Après des décennies de disette, le lectorat francophone peut enfin découvrir les classiques du manga. Parmi l’abondance d’épais volumes patrimoniaux fournis récemment, il serait dommage de négliger les 5 tomes du Voyage de Ryu de Shôtarô Ishinomori qui présente une science-fiction palpitante ne délaissant pas la réflexion.
Après un long voyage intersidéral le vaisseau Fuji Ier se pose sur une planète sauvage. Le seul à sortir vivant de son caisson cryogénique est le jeune Ryu. Mettant un pied dehors il est immédiatement confronté à des plantes tentaculaires et à des hommes-singes brutaux. Il se rend rapidement compte qu’il est revenu sur Terre mais que de nombreuses années ont passé. À la suite d’un cataclysme nucléaire la planète et l’évolution des espèces ont été chamboulées... Il y a de fortes chances pour que celui qui entame aujourd’hui le premier volume de cette série le fasse avec le petit sourire attendri de celui qui exhume un objet d’une malle poussiéreuse. En effet, l’objet fleure bon la science-fiction des années 50. Mais tout sarcasme s’éteint vite face à la vivacité de la narration et à la richesse du propos.
La planète sauvage
Ryu ne peut admettre que la civilisation qu’il a connue ait sombré à jamais. Il se persuade que, dans ce chaos de forêts, de déserts et de ruines peuplé de mutants il doit rester une poche de société civilisée et technologique... Dès lors sa volonté de la débusquer sera inébranlable. Au cours de sa quête, il entraînera dans son sillage de nombreux et folkloriques compagnons qui donneront une allure de cirque en déroute à l’expédition : les naufragés spatiaux Maria et son petit frère Jimmy, l’homme-singe Kiki, Isaac le robot, Cyclope le petit mutant télépathe et anthropophage, God le vieux cyborg, mélange improbable de Yoda, de Cobra et du Capitaine Haddock.

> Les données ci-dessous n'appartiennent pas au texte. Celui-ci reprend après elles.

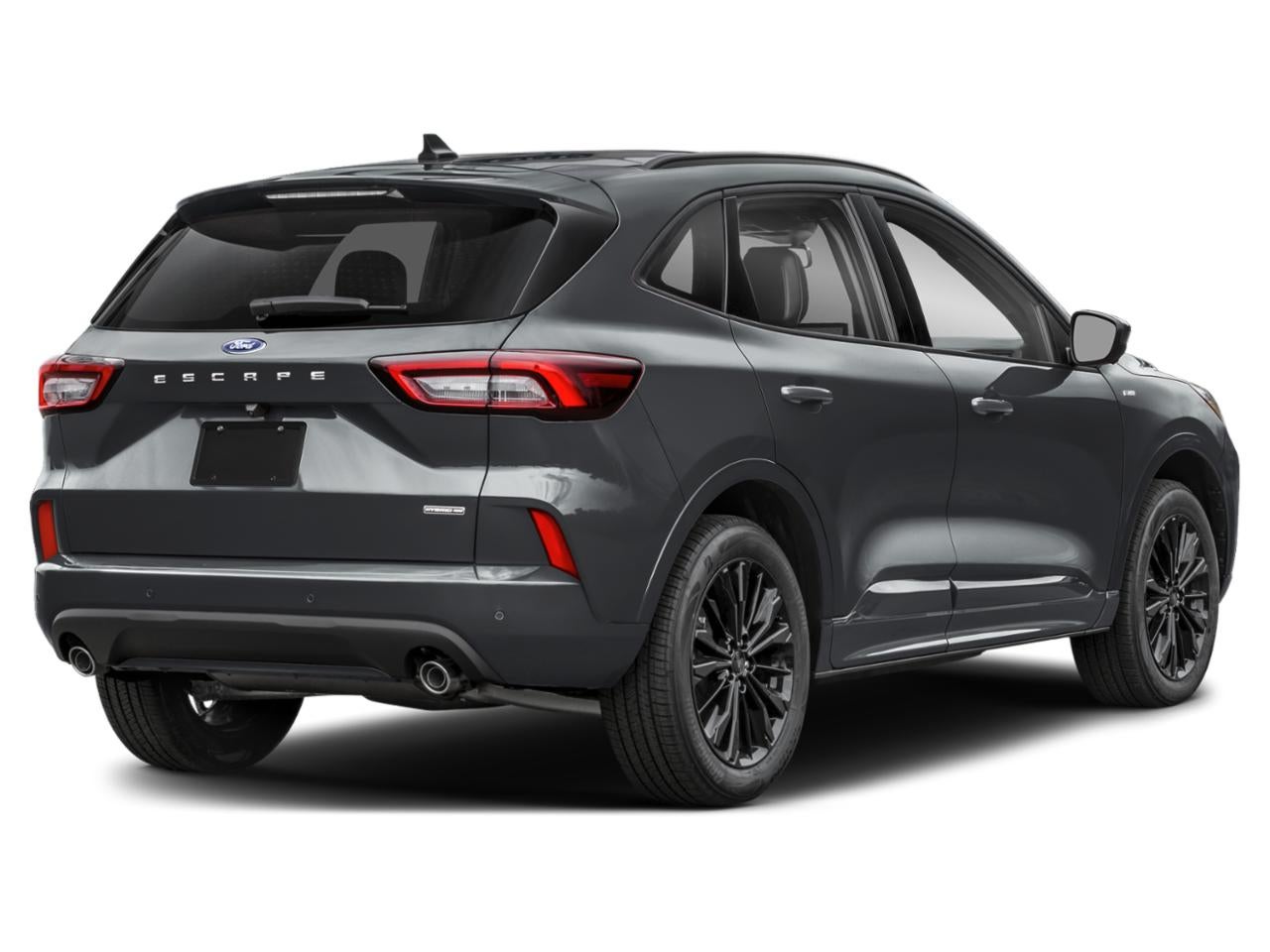 2025 Ford Escape ST-Line Elite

Cette galerie chatoyante contraste souvent avec la rudesse de Ryu, qui, toute bravoure mise de côté, n’est pas un personnage aussi sympathique que Cyborg 009 ou que Sabu et Ichi – autres héros de Ishinomori aux caractères chevaleresques. Souvent son obstination le rend aveugle et insensible. Son obsession de la civilisation lui fait négliger les joies et les beautés présentes. Peu conscient des désirs et faiblesses d’autrui, il entraînera notamment le glissement de Maria dans la folie, son esprit ne pouvant résister aux épreuves barbares qu’ils traversent. Ainsi plus d’une fois – et c’est ce en quoi réside la véritable innovation d’Ishinomori par rapport aux récits aventureux dont il s’inspire – les personnages sont confrontés aux conséquences de leurs actes. Si Ryu et Maria sont amenés à s’occuper d’un bébé homme-singe pleurant sur le cadavre de sa mère, c’est parce que Ryu a, la veille, décimé à coups de laser les hommes de la tribu, livrant ainsi une communauté affaiblie à ses prédateurs.
Cauchemars civilisés
Développée au début des années 70, la série se fait l’écho, parfois subtil, parfois insistant, des préoccupations politiques et écologiques de l’auteur. Le cyborg God tente régulièrement de raisonner le héros tout en admirant la force de son entrain et de son espoir : « C’est eux, ces gens soi-disant civilisés et leur magnifique société qui ont tout détruit ! ». Au cours de leur odyssée de près de 2000 planches, Ryu et ses compagnons sont confrontés à diverses organisations sociales post-apocalyptiques qui sont autant de cauchemars : sauvagerie et bestialité de la loi de la jungle, société entièrement robotisée et ainsi purifiée de tout élément vivant, féodalisme religieux discriminatoire, société eugéniste prétendûment supérieure...
Après 4 tomes menés à un rythme effréné et captivant (plus d’une fois on s’exclame : « Mais il ne s’arrête jamais ! »), ce cinquième et dernier volume prend le temps d’une conclusion hallucinatoire et mystique qui réconcilie le héros avec son destin prométhéen.